From: Eli Morris-Heft <dai@doublefishstudios.com>
Date: Thu, 10 Apr 2008 11:44:44 -0500
Message-ID: <47FE43FC.7060105@doublefishstudios.com>
To: bettylogic@aol.com
CC: public-html-comments@W3c.org

It is presumably in the interest of the makers of the browser to figure out what 
standard is being followed on any given page (made much easier by the DOCTYPE 
switch) and render according to that. It is also presumably the responsibility 
of those UA makers to retain compatibility for deprecated standards for however 
long makes sense. After all, all the browsers I know support CSS1,and we're 
looking at widespread adoption of CSS3.

Simply because a new standard is being created does not mean that all the pages 
must switch over to it. At least, not immediately. That is why the standards are 
numbered, and why there is a mechanism to declare what standard is being used.

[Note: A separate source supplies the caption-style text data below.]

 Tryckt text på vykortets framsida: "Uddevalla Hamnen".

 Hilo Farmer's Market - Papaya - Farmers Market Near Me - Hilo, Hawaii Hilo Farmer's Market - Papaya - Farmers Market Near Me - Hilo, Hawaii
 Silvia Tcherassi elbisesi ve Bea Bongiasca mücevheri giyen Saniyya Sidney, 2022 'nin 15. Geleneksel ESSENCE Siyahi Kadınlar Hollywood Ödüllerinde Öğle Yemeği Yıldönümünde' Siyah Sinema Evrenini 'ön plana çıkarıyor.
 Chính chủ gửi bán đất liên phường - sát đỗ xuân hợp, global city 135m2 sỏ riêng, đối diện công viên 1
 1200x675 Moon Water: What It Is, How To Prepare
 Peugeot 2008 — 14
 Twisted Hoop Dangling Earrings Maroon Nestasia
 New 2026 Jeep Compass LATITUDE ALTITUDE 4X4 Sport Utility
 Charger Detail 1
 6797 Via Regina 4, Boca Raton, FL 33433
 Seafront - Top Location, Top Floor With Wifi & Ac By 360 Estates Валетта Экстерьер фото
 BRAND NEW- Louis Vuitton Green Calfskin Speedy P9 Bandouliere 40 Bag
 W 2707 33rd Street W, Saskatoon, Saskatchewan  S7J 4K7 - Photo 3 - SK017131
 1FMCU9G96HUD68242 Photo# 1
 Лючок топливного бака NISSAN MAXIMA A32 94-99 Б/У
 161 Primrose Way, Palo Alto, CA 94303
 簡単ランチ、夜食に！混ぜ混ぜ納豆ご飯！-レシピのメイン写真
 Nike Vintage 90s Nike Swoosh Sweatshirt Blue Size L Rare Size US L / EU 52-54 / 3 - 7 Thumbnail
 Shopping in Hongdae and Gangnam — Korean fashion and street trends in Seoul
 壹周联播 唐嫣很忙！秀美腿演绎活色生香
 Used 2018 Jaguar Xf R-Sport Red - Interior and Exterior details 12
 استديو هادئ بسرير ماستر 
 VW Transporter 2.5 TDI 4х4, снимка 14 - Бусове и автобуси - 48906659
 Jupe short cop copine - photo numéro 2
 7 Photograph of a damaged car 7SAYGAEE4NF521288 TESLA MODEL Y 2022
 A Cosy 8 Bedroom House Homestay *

The newer versions of the standard are being created because we are learning how 
we want to use the web. If we never changed standards in any areas, we'd have a 
much tougher time. (A good example of this is Unicode: I'm a linguist and if we 
never adopted the Unicode standard and just stuck with ASCII, doing my 
day-to-day work would be much, much harder. I shudder to think of all those code 
pages...)

As a web developer and unabashed standardista, I think that HTML5 is a wonderful 
idea. We're shedding most of the deprecated elements, moving more towards 
semanticity (I'm a linguist, it's a word, so there), and modeling our tools so 
they help us create the web we want to create.

I understand where you're coming from - I had a similar debate with a colleague 
the other day. But I think that, instead of trying to prevent HTML5, we should 
look at how long we want our UAs to preserve rendering deprecated standards as 
long as they declare themselves to be said standards.